Start in the middle. If it’s hard to get started on a project at the beginning, try jumping to the second or third step to ease into the water. For example, when writing a letter, the opening paragraph may be the most difficult. If you’re stuck, try jumping to the body of the letter, outlining the bullets you want to cover first. Get that out of the way, and the introduction may come easier. Focus on the payoff. By taking your eye off the particular task and focusing on the happiness and success you’ll gain from completion, you can often keep yourself moving forward. For example, when filling out expense forms, think about what you will buy with the reimbursement.

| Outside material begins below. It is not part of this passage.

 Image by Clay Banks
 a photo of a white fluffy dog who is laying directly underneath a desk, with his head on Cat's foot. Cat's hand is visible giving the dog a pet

Set time limits on difficult tasks. Setting aside either too much time-or not enough time-can make you procrastinate. Setting aside an hour to do expense reports? Minimize the torture by shrinking it down to 30 minutes and get as far as you can. Trying to plan a holiday event in 30 minutes and can’t get started? Try giving yourself an hour and see if that does the trick.

Conquer Interruptions

Studies show that when you are interrupted, it takes 20 minutes to regain the level of concentration you had reached before the disruption. Furthermore, in nearly 50 percent of the cases, a person never even returns to the original task.

Track yourself for a week or two. Use the Tracker section of your daily pages to learn who is likely to interrupt you and why. Understand your own proclivity to be railroaded by someone who bursts into your office begging for help or that tendency to reach for the phone every time it rings. Each time you are interrupted, note the time, who it was, what they needed from you, and how long it took. Then, grade the importance and urgency of the interruption: A = critical and urgent; B = important but not urgent; C = unnecessary and not worth the time. At the end of the week, study your log to determine the average time lost to interruptions each day, giving special focus to A- and B-level interruptions. If the average time totals up to two hours of important and necessary interruptions a day, you need to start planning for them. In this case, you’d reserve two hours of open time in your daily schedule and use the rest of the day for planned tasks.

A powerful way to minimize the time lost to switching gears all day long is the grouping of similar kinds of tasks. The pattern can be as simple as paperwork in the morning and calls in the afternoon or quiet work in the morning and interactive activities in the afternoon. Or, you could organize your day around your core responsibilities, setting aside two hours for creative work, one hour for financial tasks, and five hours for people management every day. If you were in business for yourself and had complete control over your schedule, you could devote one day to administrative tasks, one day to marketing, and three days to client service.

Use the following strategies to prevent unnecessary interruptions:

· Choose two or three people who can interrupt you at any time. Make a short list of key people whose interruptions you will always take, no matter what you are doing. Defer everyone else to a better time.

· Always ask how long it will take. Every time you’re interrupted, ask how long the person needs (15 minutes? 45?). Tell them you want to know so that you can provide the focus and attention they really deserve. Holding people accountable to the time they ask for helps them be more efficient too.

· Begin the conversation with “What can I do for you?” not “How are you?” “How are you?” is an open invitation to chat. “What can I do for you?” immediately focuses your interrupter on getting straight to the point.